Wesley rose too fast to object, but Josephine silenced him by mentioning that it was irregular to threaten a bride’s grandmother into signing a prenuptial agreement. The room went still at that sentence, and I felt my stomach drop as the memory of that night before my wedding came rushing back.

Hudson had sent me a text message threatening to stop the funding for my grandmother’s memory care if I did not sign the documents by nine o’clock. I had signed because I was young and frightened and believed that if I reached for my mother after years of silence, she would not answer the phone.

Now, that text message was projected ten feet tall onto a screen above Hudson’s head for everyone in the courtroom to see. Judge Miller’s face went cold as he read the words and asked Hudson if he was the one who had sent that message to his wife.

Hudson tried to claim the message was taken out of context, but the judge asked what possible context could improve such a cruel demand.
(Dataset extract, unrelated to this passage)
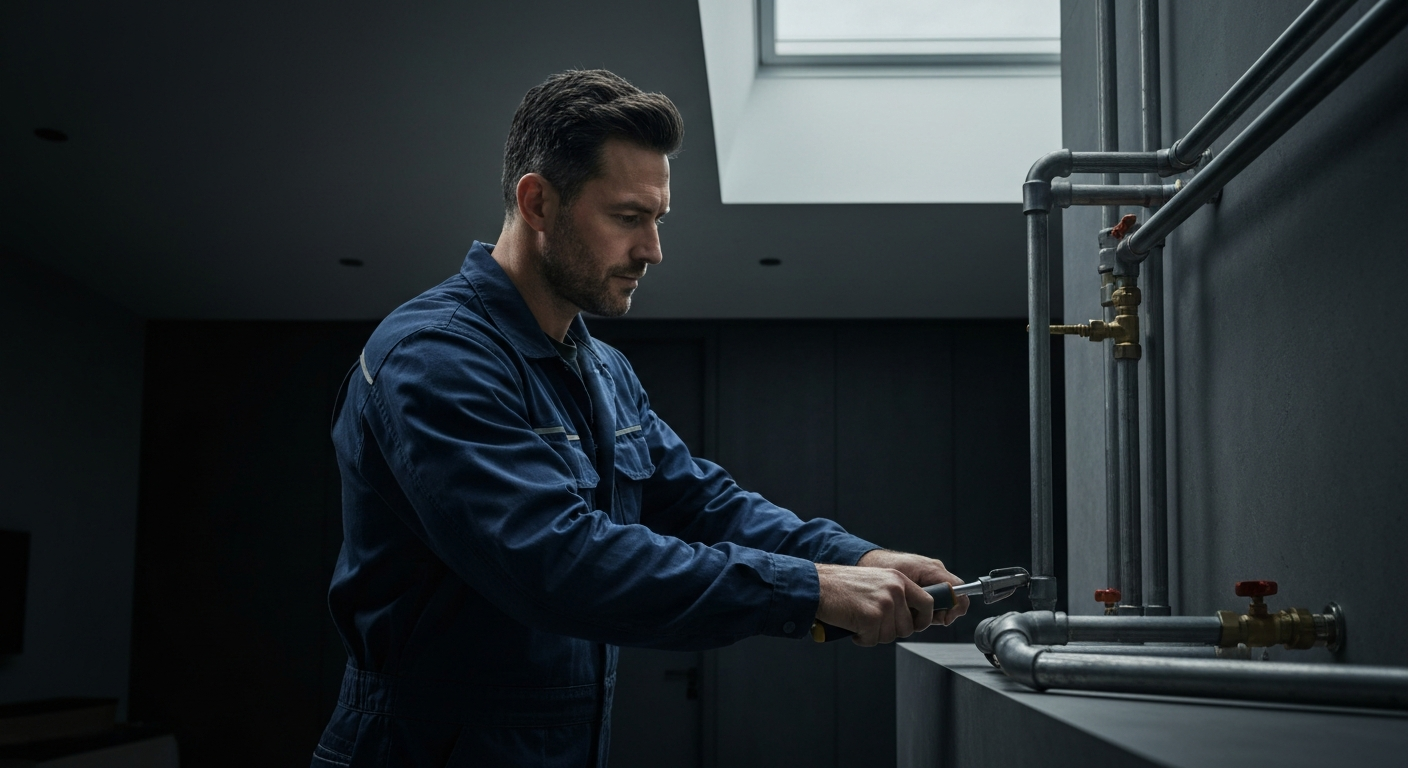 Plumber working on pipes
My mother pointed out that Hudson had just admitted to writing the message, and Wesley put a hand over his face in defeat.

“Mr. Reeves, please take the stand,” Josephine said as she approached the podium with a single thin folder. The judge made it clear that the request was not a suggestion, and Hudson moved like a man whose body had suddenly become unreliable as he climbed into the witness box.

After he was sworn in, Josephine began asking him about his compensation and his bonuses at the marketing firm where he worked. He admitted to making roughly six hundred thousand dollars a year, but then Josephine pointed out that he had only declared a net worth of eight million dollars on his affidavit.

“Let us talk about Horizon Peak LLC,” Josephine said, and Hudson froze because he knew that name carried the weight of his secrets. He tried to claim it was just a private investment vehicle, but Josephine revealed that the company was a corporate holding structure controlled entirely by him.

She asked him where the company was registered, and Hudson admitted it was in the Cayman Islands for the sake of tax efficiency. Then she asked exactly how much money was sitting in those offshore accounts across various international banks.